Search code examples
pythonscrapyscrapinghub

scrapy access to log count while running in scrapinghub


I have a small scrapy extension which looks into the stats object of a crawler and sends me an email if the crawler has thrown log messages of a certain type (e.g. WARNING, CRITICAL, ERROR).

These stats are accessible by the spiders stats object (crawler.stats.get_stats()), e.g.:

crawler.stats.get_stats().items()
 [..]
 'log_count/DEBUG': 9,
 'log_count/ERROR': 2,
 'log_count/INFO': 4,
 [..]

If I run the spider on scrapinghub, the log stats are not there. There are a lot of other thins (e.g. exception count, etc..) but the log count is missing. Does someone know how to get them there or how to access them on scraping hub?
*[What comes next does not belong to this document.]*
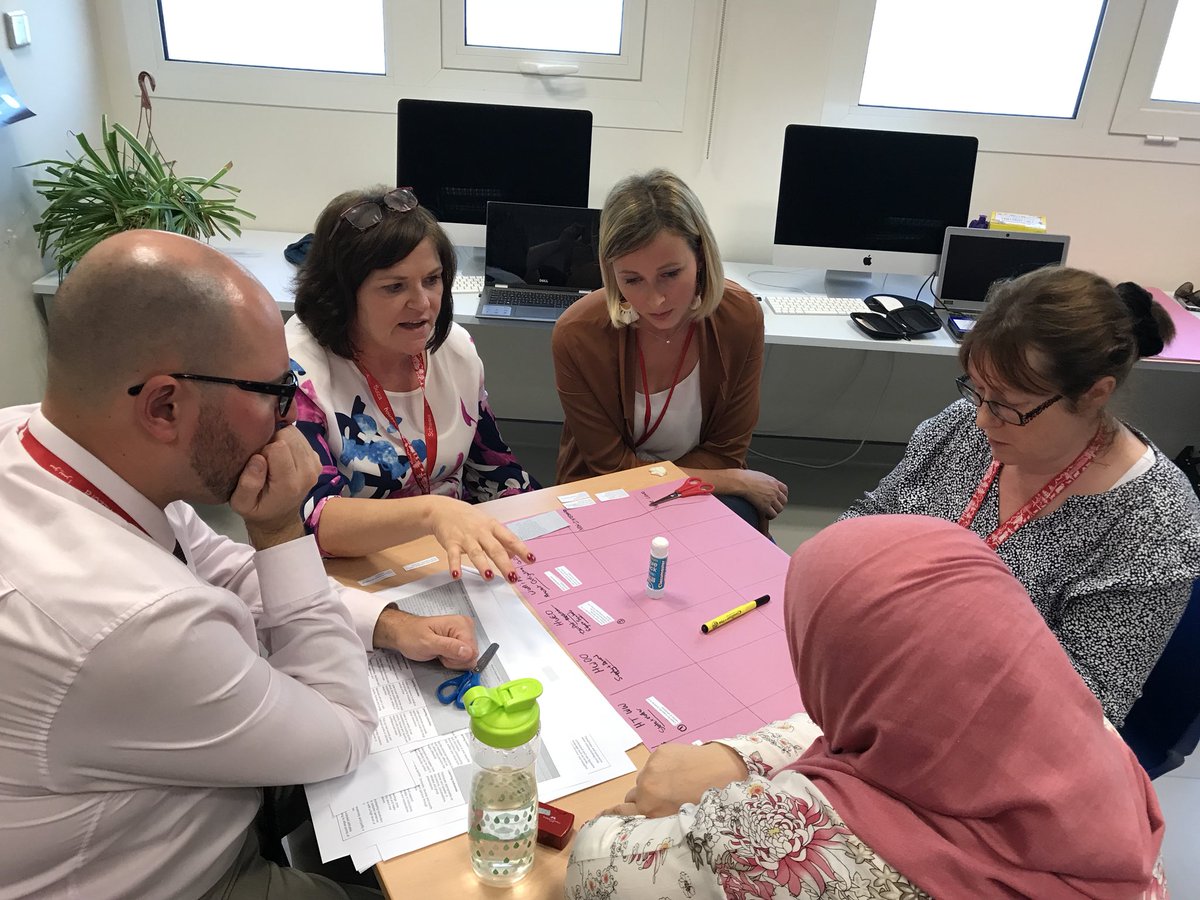 SISQdoha's tweet image. All #sisqdoha primary teachers are involved in the development of our language #scopeandsequence &amp;amp; working out the placement of #learningoutcomes as integrated/non-integrated/year-long #pypchat #pyplanguage #languageintergration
I've also checked the "Dumping Scrapy stats" values after a spider closes. If I run it on my machine the log count is there, If I run it on scrapinghub the log count is missing.


Solution

  • This might also help someone else. I wrote a small plugin to collect the log stats and save them in the stats dict with a own prefix.

    to activate it, save it to a file (eg. loggerstats.py) and activate it as an extension in your crawlers settings.py:

    EXTENSIONS = {
        'loggerstats.LoggerStats': 10,
    }
    

    the script:

    from scrapy import log
    from scrapy.log import level_names
    from twisted.python import log as txlog
    
    
    class LoggerStats(object):
    
        def __init__(self, crawler, prefix='stats_', level=log.INFO):
            self.level = level
            self.crawler = crawler
            self.prefix = prefix
            txlog.startLoggingWithObserver(self.emit, setStdout=False)
    
        @classmethod
        def from_crawler(cls, crawler):
            o = cls(crawler)
            return o
    
        def emit(self, ev):
            level = ev.get('logLevel')
            if level >= self.level:
                sname = '%slog_count/%s' % (self.prefix, level_names.get(level, level))
                self.crawler.stats.inc_value(sname)
    

    It will then count the logs and maintain the count in the crawler stats. For example:

    stats_log_count/INFO: 10
    stats_log_count/WARNING: 1
    stats_log_count/CRITICAL: 5